Her first stop after returning from summer camp last week was the Cozy Cuts for Kids salon in Manhattan. She got a professional’s take on her new favorite style. “I like that it’s smooth,” she says. “There’s no bumps. It’s perfect.”

Gymnastics dictates that hair be neat and pulled back from the face. In Rio, the go-to looks have been the French-braid-into-a-ponytail worn by Simone Biles and Madison Kocian; the Aly-knot; and the traditional scrunchied ponytail. (The Scunci company reports a boost in sales of its snap clips, hair shimmer and scrunchies because of the Olympics.)

“Hair is how you stand out, because in competition we all have to wear the same leotard,” says Ella Wilson, a 12-year-old gymnast from Brooklyn who has taken to wearing the braid-into-ponytail of late.
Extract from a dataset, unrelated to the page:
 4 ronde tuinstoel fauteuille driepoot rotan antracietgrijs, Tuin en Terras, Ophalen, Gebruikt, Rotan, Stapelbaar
Her soccer-player brother, Liam, 14, is a fan of the man bun seen widely at the Olympics on soccer and basketball players, and most notably on British gymnast Louis Smith. Fans cheekily blamed his knot for a pommel horse fall. But Liam sees the hairstyle’s inherent value.

British gymnast Louis Smith’s infamous man bun.  (AP Photo/Julio Cortez)
British gymnast Louis Smith’s infamous man bun. (AP Photo/Julio Cortez)

“It’s cool-looking, but it’s also good for sports because I have a long top,” he says. “It keeps my hair up.”

Teenagers are most likely to embrace an athlete’s style, but adults are caught up in the Olympic moment, too. They show their fandom primarily through nail art. Nadine Abramcyk, a founder of the Tenoverten nail salons in New York City, saw an uptick in patriotic manicures the day after a big win by the U.S. team.

“We’re known for subtle nail art, and one of our lead manicurists, Frances Liang, created an abstract-looking star design,” she said. “People have been getting that in gold, red, white and blue.”

And a lot of viewers have been asking if they can get the cool, knee-length parka worn by the U.S. swim team. The parka, made by Arena, will be available at arenawaterinstinct.com soon, the company says.